→ **Data extract**

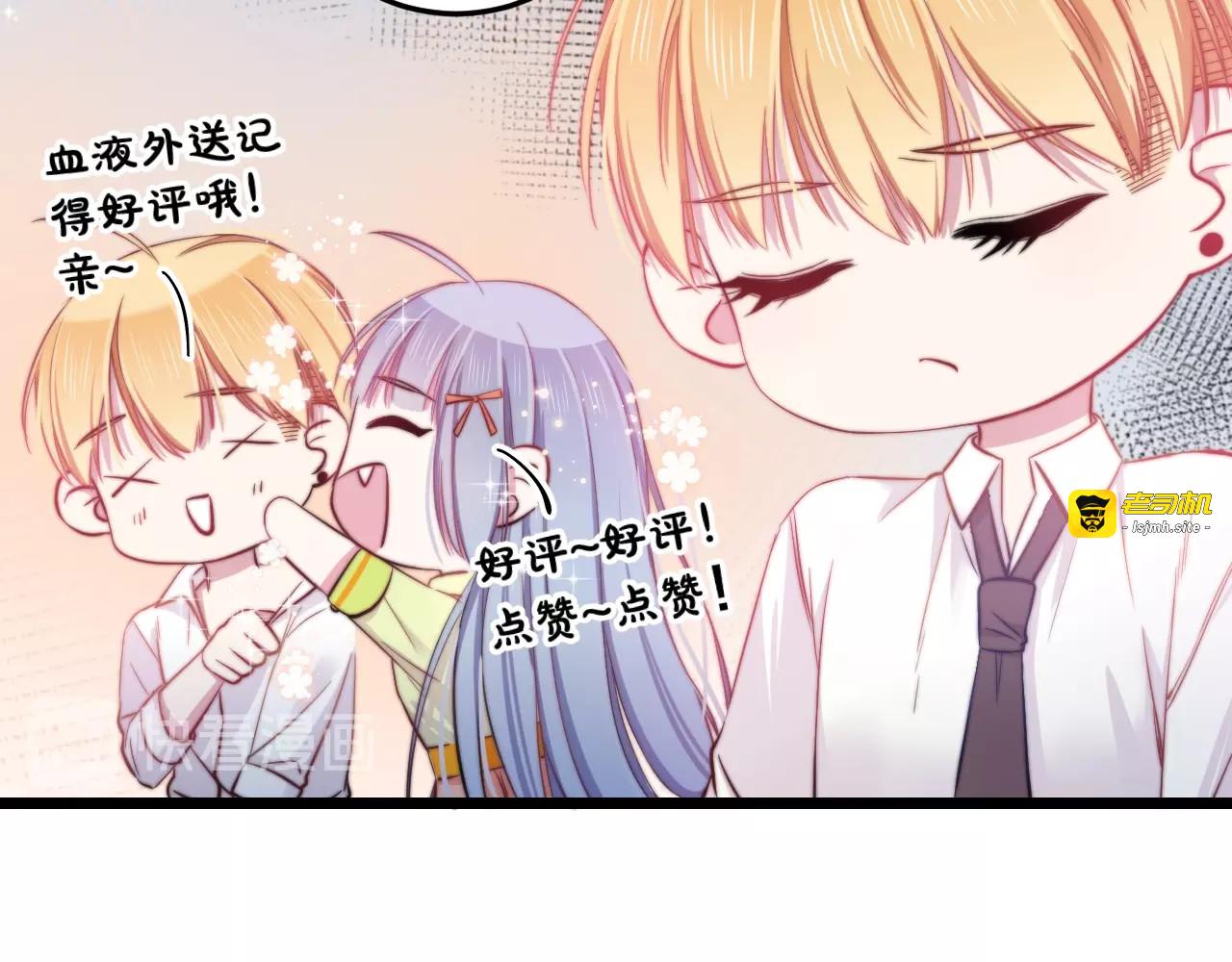 第25话 只是伙伴？我不要！ 第 87 页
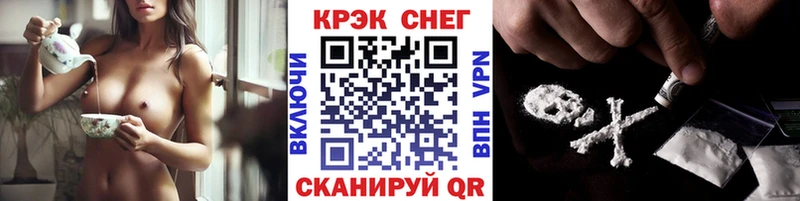 КОКАИН Перу  Купить  Белёв 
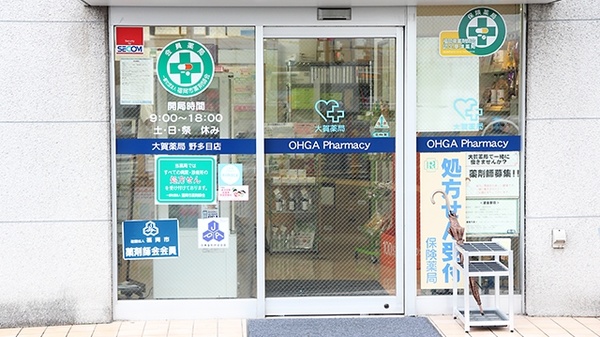 大賀薬局　野多目店_2
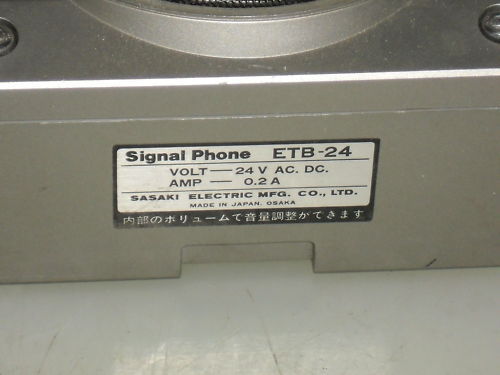 SASKI ELECTRIC SIGNAL PHONE ETB-24 *USED*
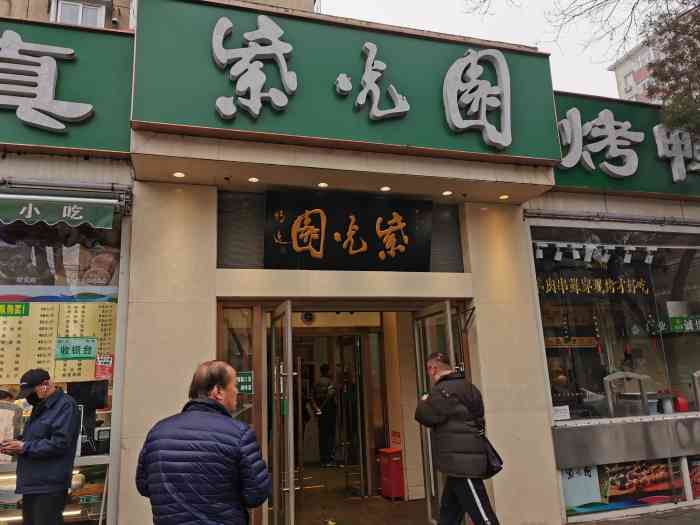 紫光园大兴店图片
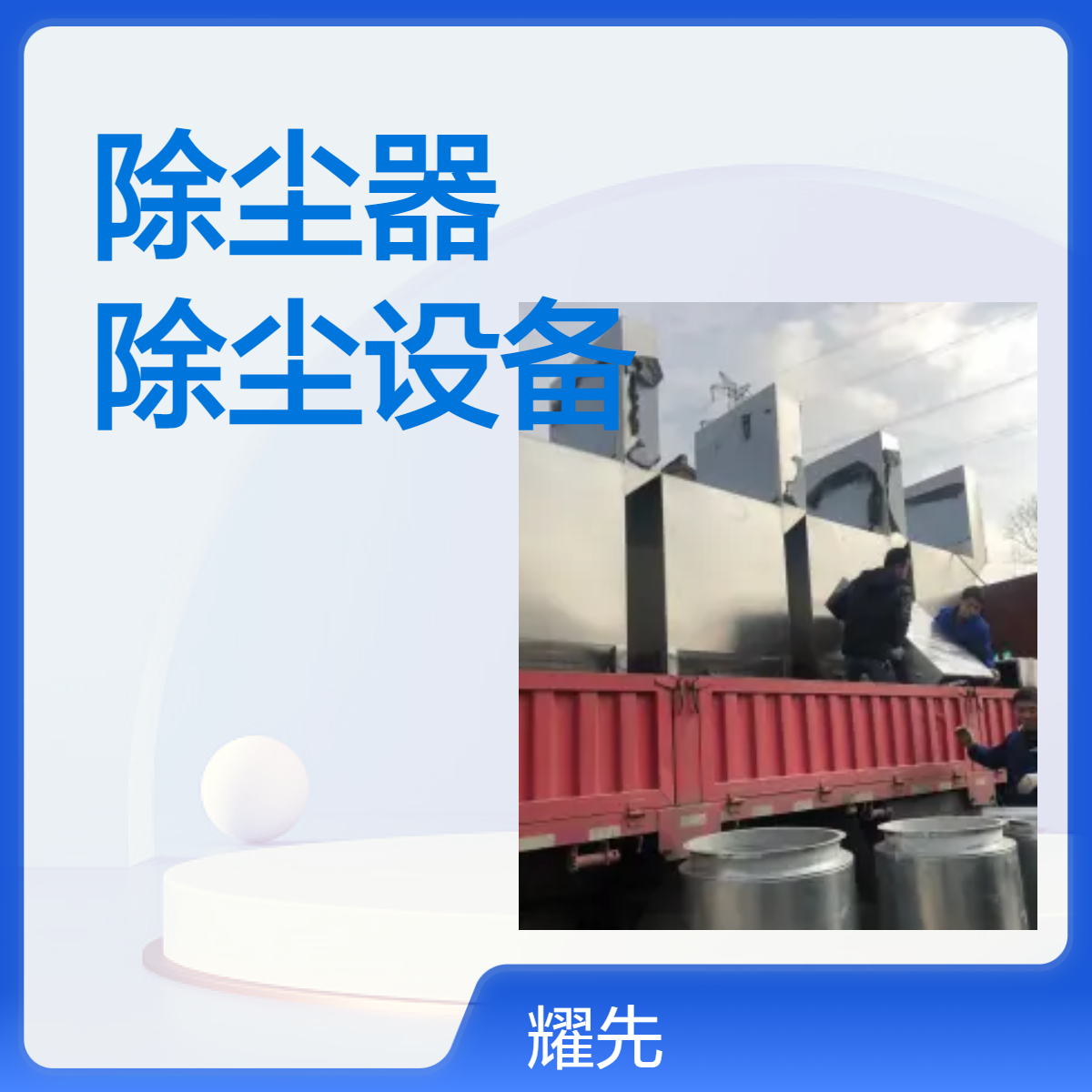 耀先环境不锈钢除尘器电子厂洁净室专用催化燃烧工厂除尘设备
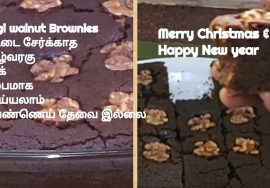 Ragi walnut Coffee Brownies|Finger millet  brownies | Christmas, New year special -Mallika Badrinath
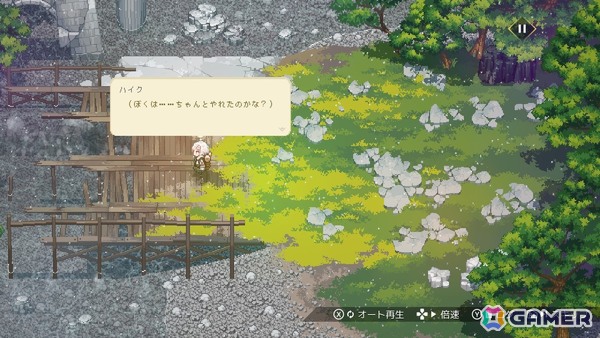 編集部が遊んだゲーム特別編！Gamer編集部スタッフが2025年に一番ハマったタイトルを紹介【年末年始企画】の画像1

→ **Instructions for the task**
Reproduce every entry above exactly, and omit the pictures.

→ **Task output**
 第25话 只是伙伴？我不要！ 第 87 页
 КОКАИН Перу  Купить  Белёв 
 大賀薬局　野多目店_2
 SASKI ELECTRIC SIGNAL PHONE ETB-24 *USED*
 紫光园大兴店图片
 耀先环境不锈钢除尘器电子厂洁净室专用催化燃烧工厂除尘设备
 Ragi walnut Coffee Brownies|Finger millet  brownies | Christmas, New year special -Mallika Badrinath
 編集部が遊んだゲーム特別編！Gamer編集部スタッフが2025年に一番ハマったタイトルを紹介【年末年始企画】の画像1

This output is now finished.